Бывает принципиальный отказ от технических приемов, как в музыке Мартынова, например. Там чувствуется, что он вообще все отвергает и переходит на мантрическую систему. А мне кажется, что и сложная музыка должна быть очень простой, то есть восприниматься слухом. Не умственная сложность, а семантическая. Материальной сложности в мире актуальной музыки навалом. А семантической – раз-два и обчелся. Вот играет Баренбойм после симфонии Брамса ноктюрн Шопена. И Брамс гигантский, а ноктюрн маленький, но Баренбойм его так играет, что уравнивает с целой брамсовской симфонией. Именно по качеству семантической сложности. Материально-то они очень разные, куда ноктюрну равняться с симфонией, но на этих весах уравниваются.

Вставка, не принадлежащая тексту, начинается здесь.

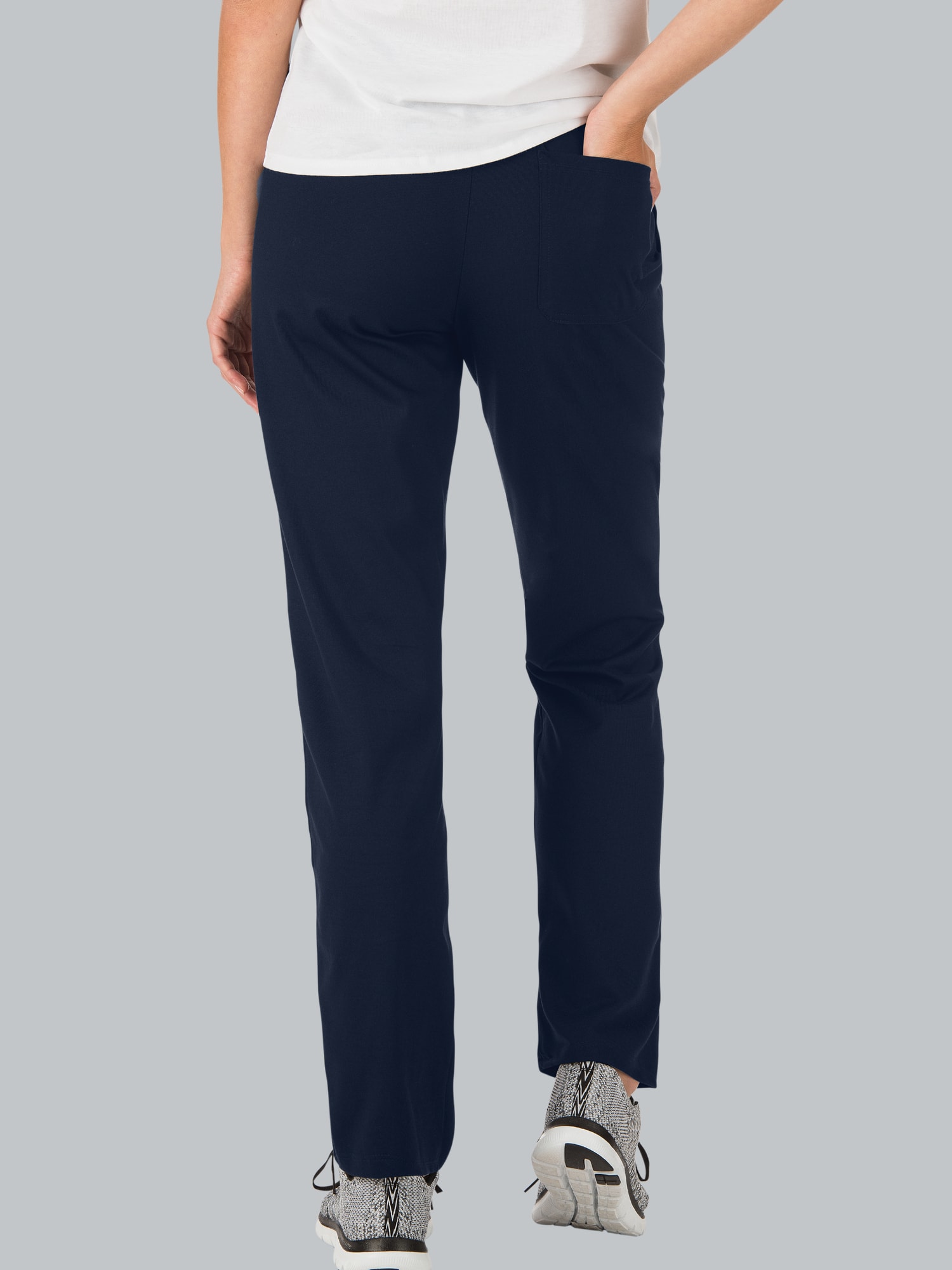 Hose 100% DELUXE Baumwolle Navy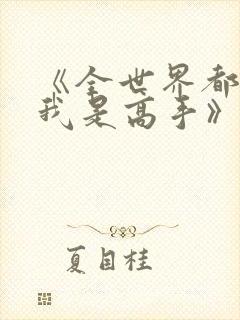 《全世界都以为我是高手》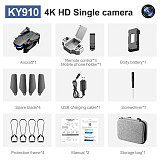 Black 4K single camera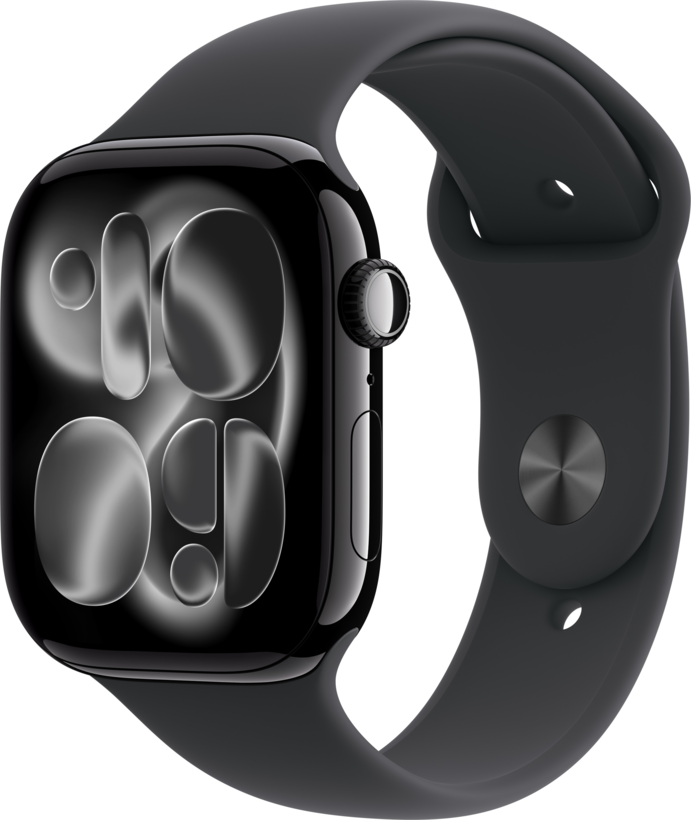 Apple Watch S11 5G 46mm Alu diamantschwa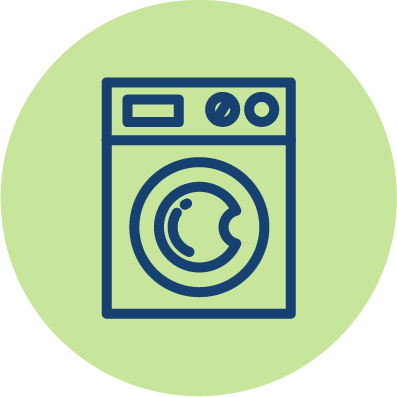 icon for electric clothes dryer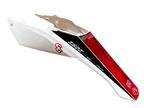 Gas Gas EC Six Days 2010  White ,Rear Mudguard, with Decal BE93500SCT2510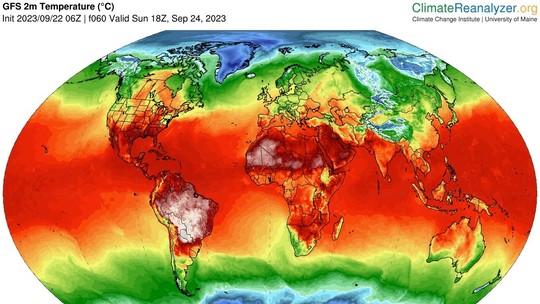 Brasil será um dos lugares mais quentes do planeta; saiba quando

Потому что в музыке дело не в величине, а в преображении времени. И две минуты преображенного музыкального времени стоят сорока минут, которые движутся тяжелыми, мало преображенными блоками. А бывает и полтора часа, где время вообще в ступоре. И движется только потому, что на нотной бумаге что-то написано. Конечно, если мы играем по нотам, то все равно время вроде как движется. Но время это не преображенное, а чисто материальное. Сорок минут звучат как сорок минут. А бывает, что сорок минут звучат как пять минут. И наоборот – пять минут как сорок. А вот как сделать так, чтобы звучало минута к минуте, – это совсем особенная история.
Я читал вашу беседу с Мансуряном, где он говорит, что музыка, которая легко пишется, – это путь в никуда. А мне кажется, легкость – это не обязательно плохо. Как и трудность – не обязательно хорошо. Это должно оставаться внутренним делом. Бетховен все время что-то переделывал, но по его музыке это незаметно. А сколько у Пушкина начеркано в черновиках! Но это не входит в текст. А вот когда входит, тогда мы и слушаем не музыку, а сплошную трудность сочинительства. Современная музыка нам все время демонстрирует, как сложно ее было создавать.
– Как вы думаете, можно ли вообще научить сочинять музыку?
– Вот как раз мой плюс, а может и минус, что меня никто не учил. Не было формальной школы. В Москве или Петербурге была, а у нас было какое обучение? Мы приходили в консерваторию на занятия к Лятошинскому, и все было очень демократично. Главное было – сочинить два такта или пять. И показать. Причем мы прежде всего друг другу показывали, это было в первую очередь общение сверстников. А педагог что? Ну, спросит – а что дальше? Или скажет: «Тут бемоль поставь». Не было натаскивания.
Мы были связаны одним ощущением: было как бы само собой ясно, что каждый из нас – композитор, потому что пишет музыку и учится у Бетховена, у Моцарта, у тех, кого любит. А не просто: ты – композитор, потому что ходишь в консерваторию и изучаешь композицию, хотя, может, и не сочинил еще ничего.